Monastery in Sükhbaatar, Ulaanbaatar, Mongolia

The Dashchoilin Monastery (Дашчойлин хийд) is a Buddhist monastery in Sükhbaatar District, Ulaanbaatar, Mongolia, the second largest in the city.

==History==
The modern Dashchoilin Monastery traces its roots to one of the two largest monastic complexes of old Urga — Gandantegchinlen and the Eastern Khure—and was built on the site of two temples belonging to the latter—Erkhem and Vangai. In 1737 , ten years after Tsambeldorj, the third son of the Dzasak-noyon of the Tüsheet Khan aimag, succeeded his father, Rampildorj, due to illness and became a monk under the name Danzanyarimpil. Because he founded a temple with a permanent service, in which he placed all the relics inherited from his ancestors, the 2nd Jebtsundamba Khutuktu bestowed upon him the title of Erkhem-toyn ("Venerable Monk"), and the temple became known by this title. The main yidam of this temple was Vajrayogini, and the main dharmapala was Tsambashadag.

In 1740, Sanzaidorj, the dzasak of the Tushetu Khan aimag, founded a temple in Ikh-Khure, which he presented to the 2nd Jebtsundamba Khutuktu in 1757. A monastic aimag (a community of monks) was assigned to it, initially founded by a man with the title of zhongwan. This aimag became known as the aimag of Wang-guai, and this name eventually evolved into "Wangai." The temple's main yidam was Vajrapani, and its guardian dharmapala was the six-armed Mahakala; the aimag at the temple numbered up to 400 people.
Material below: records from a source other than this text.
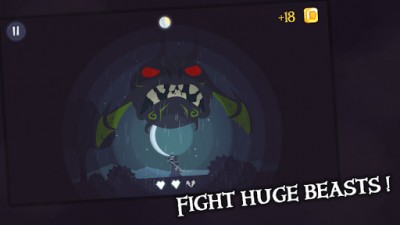 Beasts Of The Night Mist screenshot №1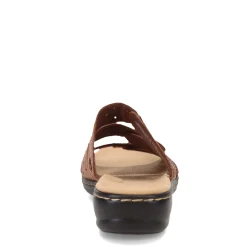 Best Clarks Women's , Leisa Cacti Sandal Brown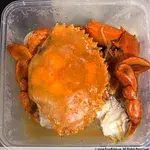 清蒸蟹 Steamed Crab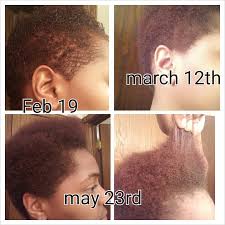 It hasn't grown back completely yet, but i am still using the product and it works! Wild Growth Oil 118ml Assim Do Meu Jeito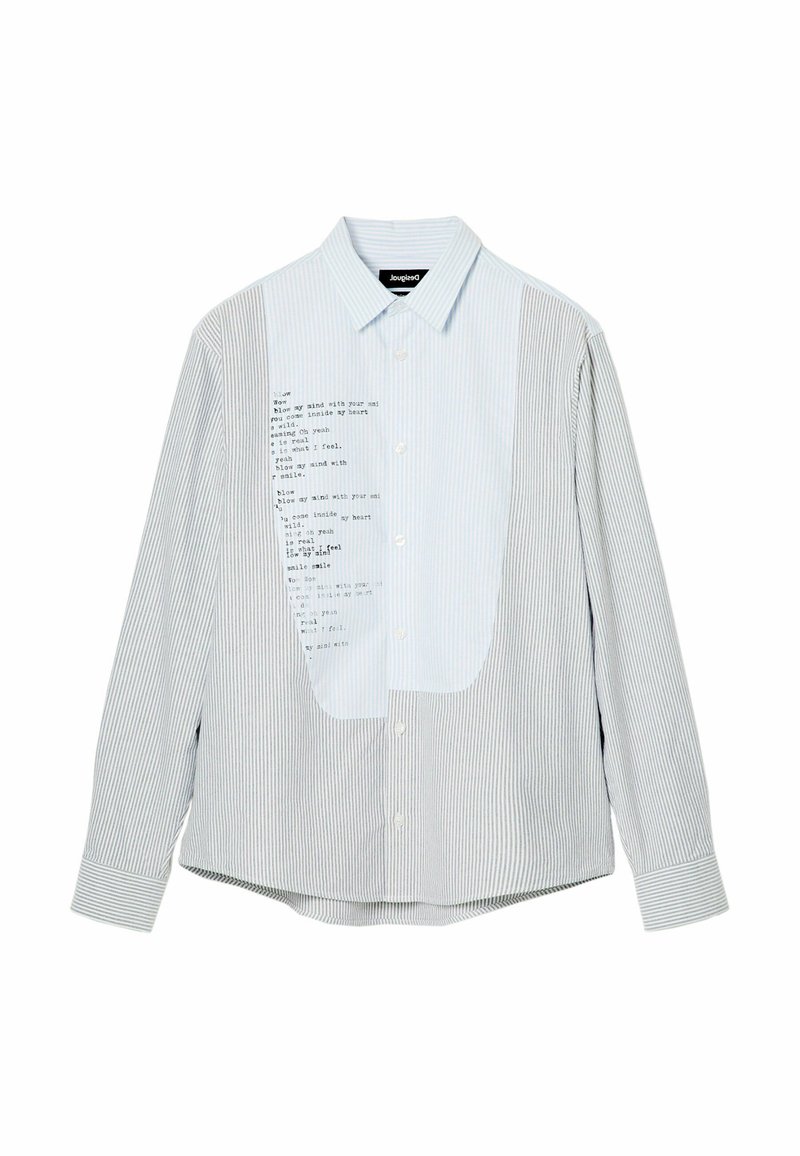 Desigual Overhemd zwart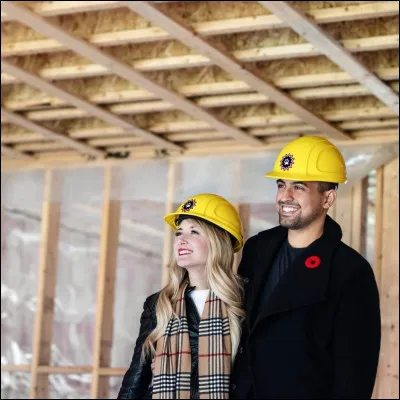 Qu'est-ce que Catherine et son copain ont acheté en 2018 ?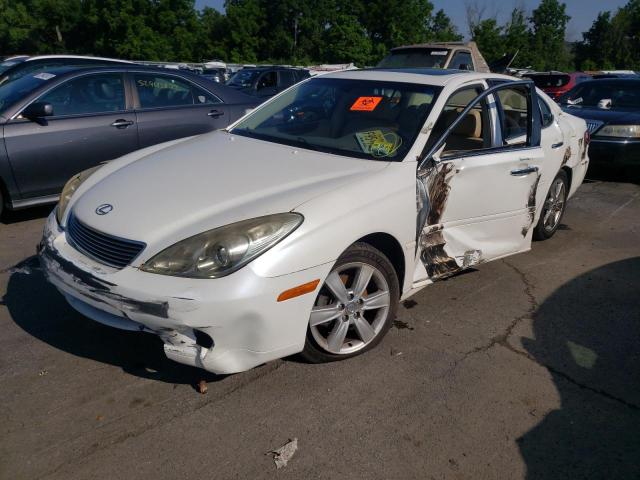 Photo 2 from auction – 2005 LEXUS ES 330 with VIN JTHBA30G355058276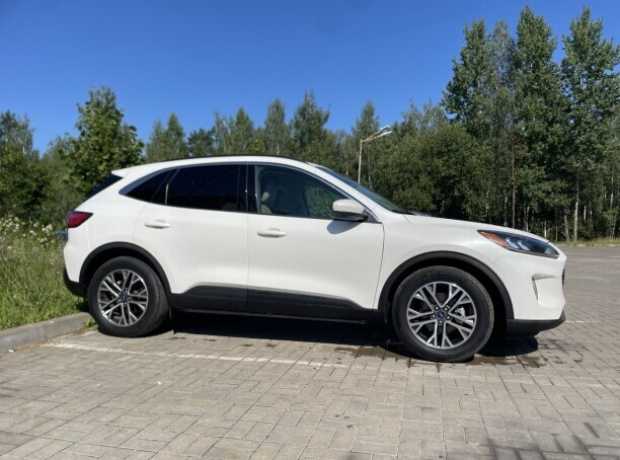 Ford Escape IV, 2020, пробег 68334 км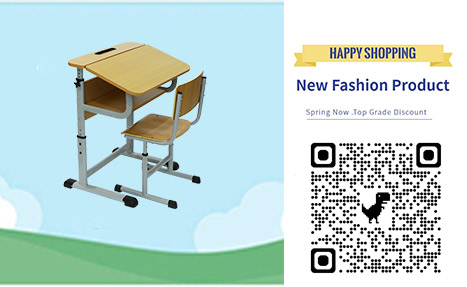 SS0182 ရိုမေးနီးယား ပထမတန်းကျောင်းစားပွဲနှင့်ခုံအစုံ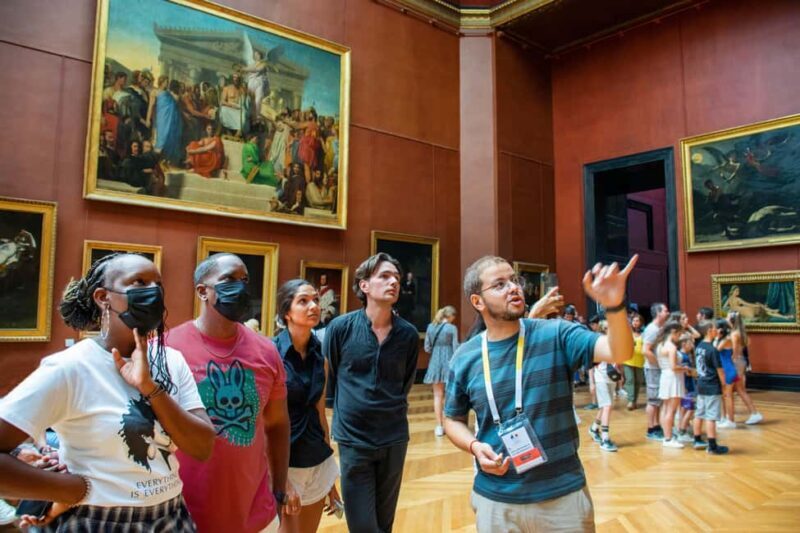 Louvre: Small-Group Tour - Must-See Highlights - The Practicalities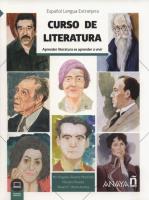 Okładka książki Curso de Literatura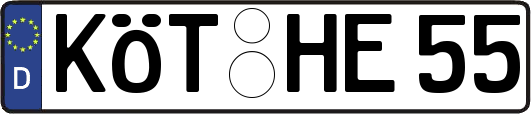 KÖT-HE55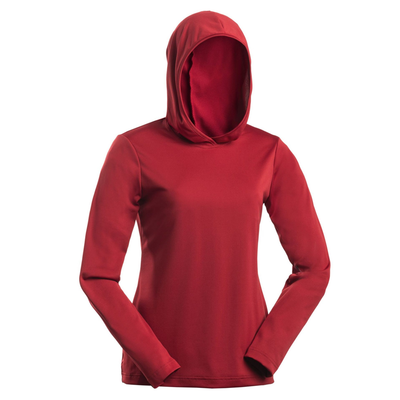 Earth Sea Sky - Silk Weight Sun Hoodie Women's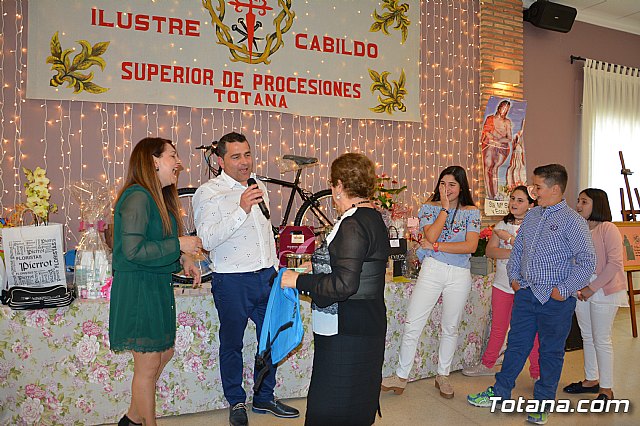 Comida Hdad. de Santa Mara Salom - Domingo de Ramos 2017 - 114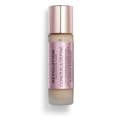 Miniatyrbild 2 av 7: Flytande makeupbas Revolution Make Up Conceal & Define Nº F9 (23 ml)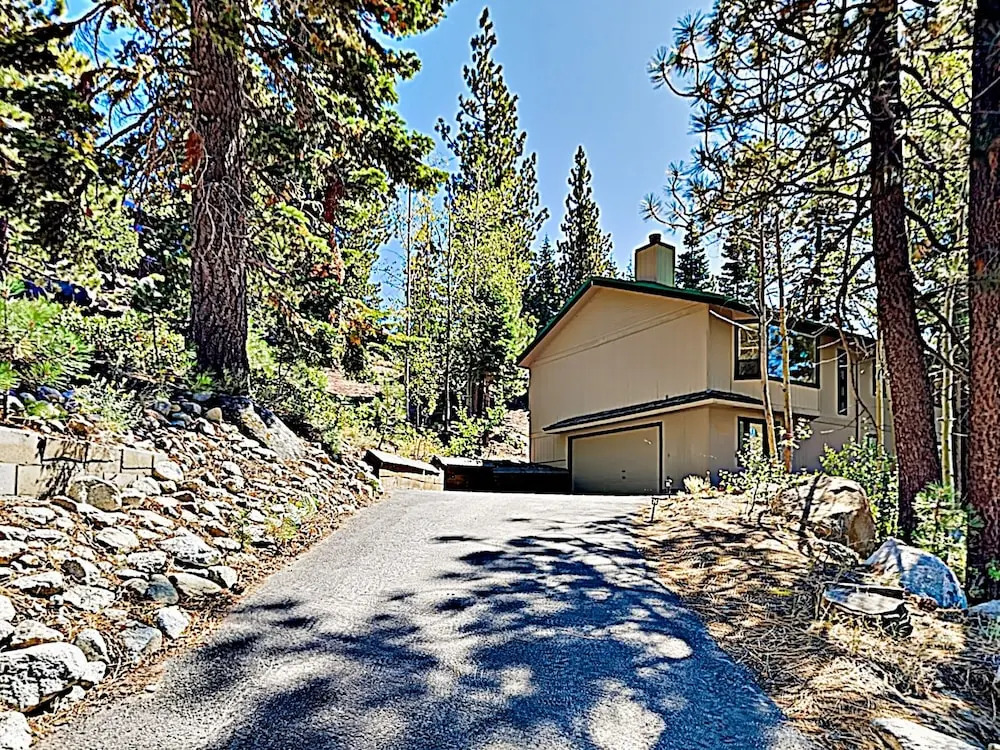 New Listing! Heavenly W/ Private Hot Tub 3 Bedroom Home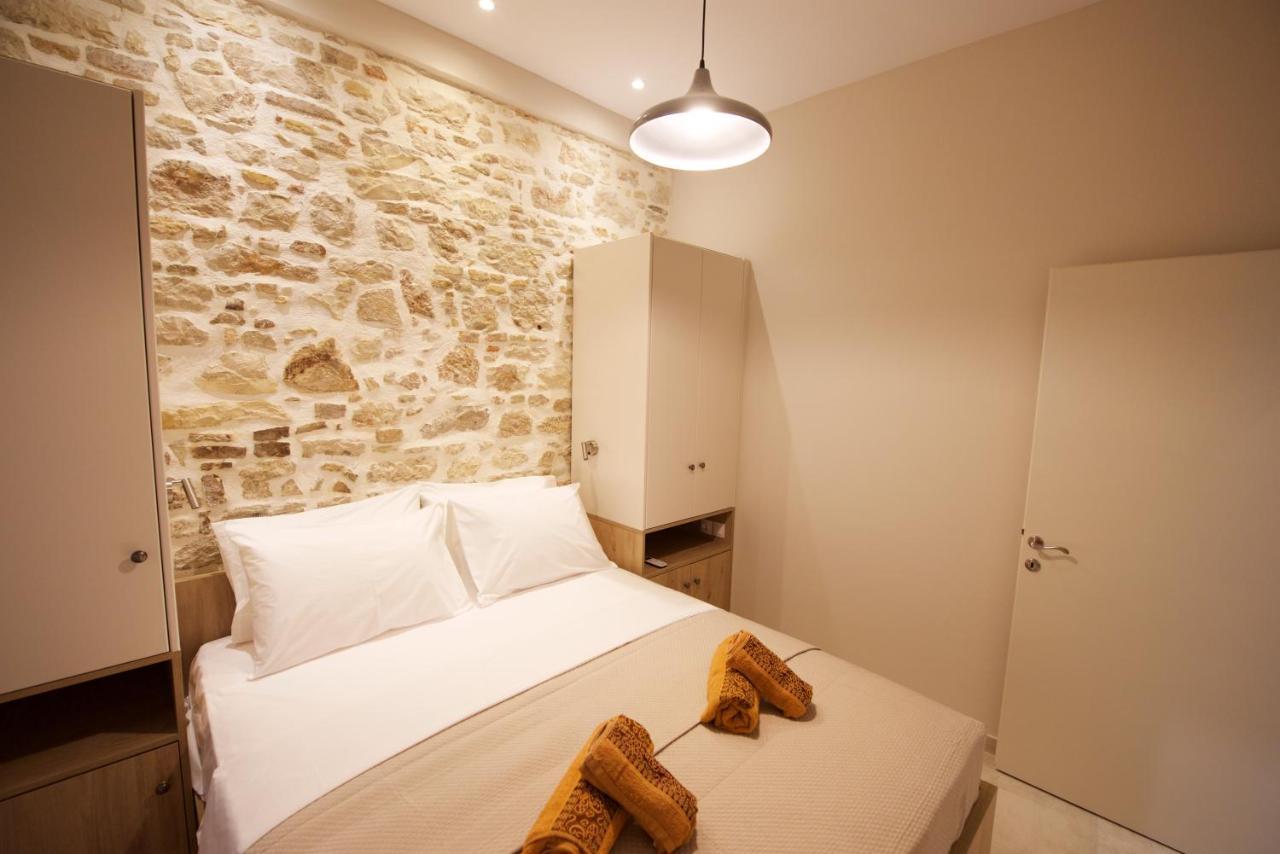 Galiello Boutique Suite By Corfuescapes Corfu  Zewnętrze zdjęcie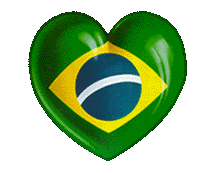 Brasileira com orgulho
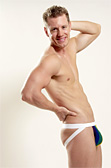 Activeman Pride Swimmer Jockstrap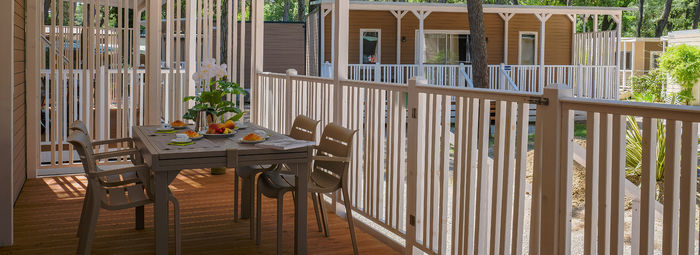 Camping con animazione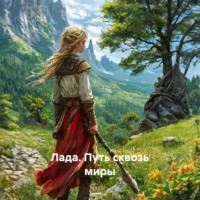 Olga V. Veles. Лада. Путь сквозь миры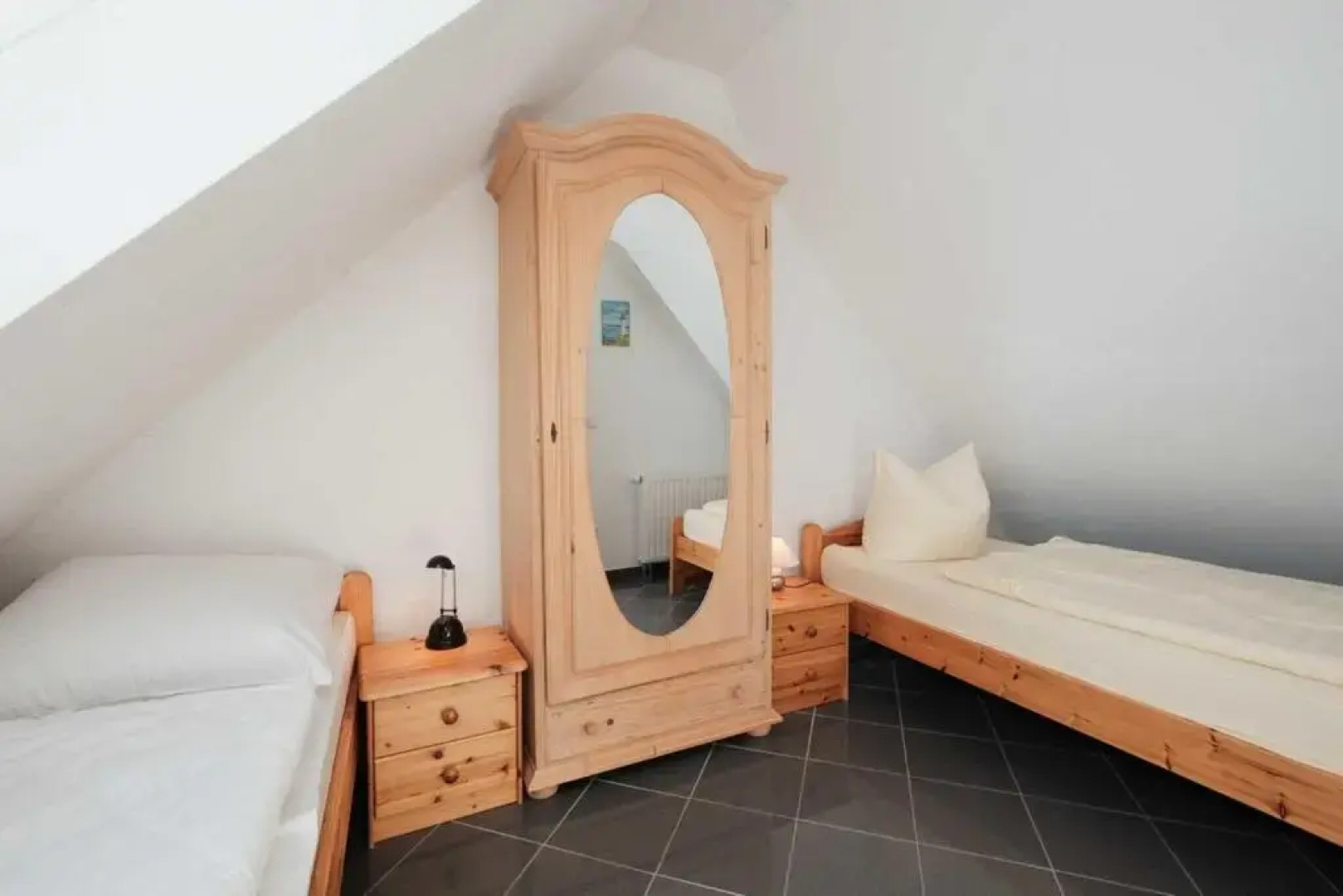 Bernstein-Fewos ca 15 Gehminuten zum Ostseestrand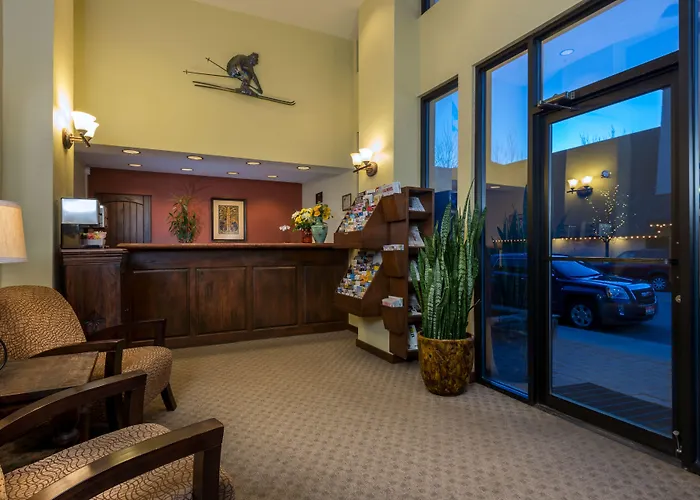 Tamarack Lodge Sun Valley
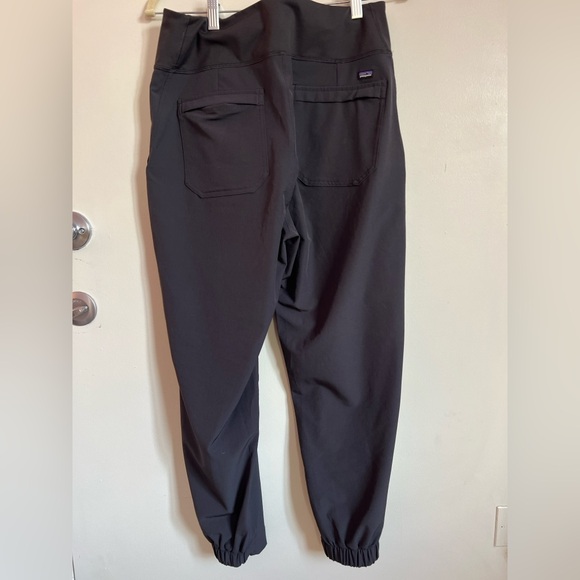 Patagonia Women's Happy Hike Studio Pants (M) - Picture 6 of 9
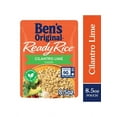 thumbnail image 1 of 2X-Ben's Original Ready Rice Cilantro Lime Flavored Rice - 8.5 oz, 1 of 5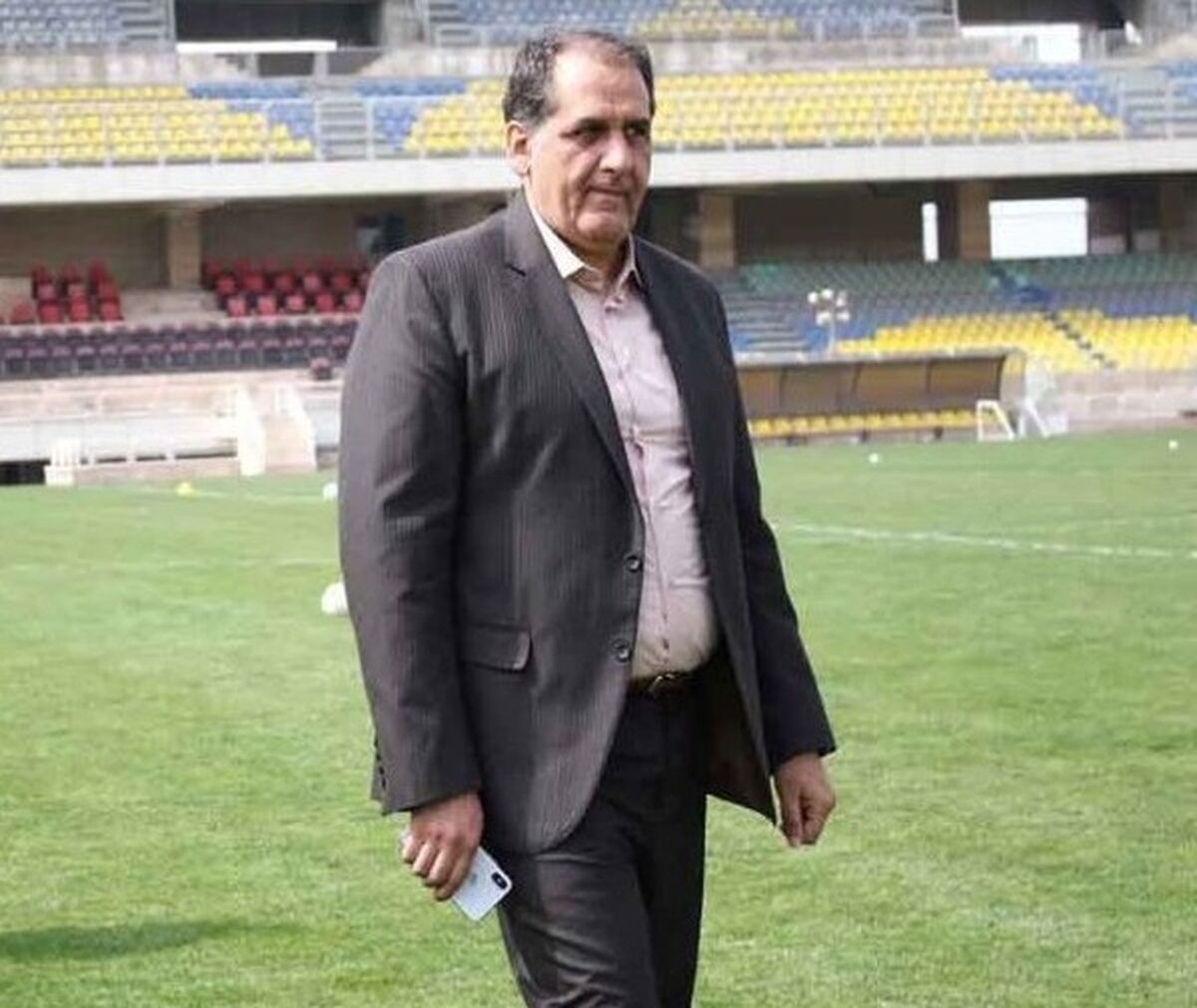 رسول پناه : پرونده برانکو هیچ ربطی به نقل و انتقالات ندارد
The buildings of these temples, like all other structures of the Eastern Khure, were destroyed during the repressions of the 1930s. After the democratic reforms in the country, three concrete yurts, originally built for the State Circus on the site of the old monastery, were given over to the monastery.

==Current state==
The modern Dashchoilin Monastery, also known as Dzun-khure (Eastern Khure), is currently the second largest in Mongolia's capital and includes three temples—the cathedral (formerly Vangai), the Dharmapala Temple (formerly Erkhem-toiny-aimag), and the Gandanchoinkhorlin Temple (founded in 2000), as well as a primary Buddhist school and a library. In the monastery courtyard are three stupas, built in 2000, surrounding the Sahyusan Temple, a large complex of nine stupas built in 1990. To the right of the Sahyusan Temple is a Buddha statue, built in 2007. Opposite the cathedral temple is a small building for butter lamps. The monastery plans to restore the 16-metre-tall Maitreya statue and the temple that housed it, which were destroyed during the repressions of the 1930s.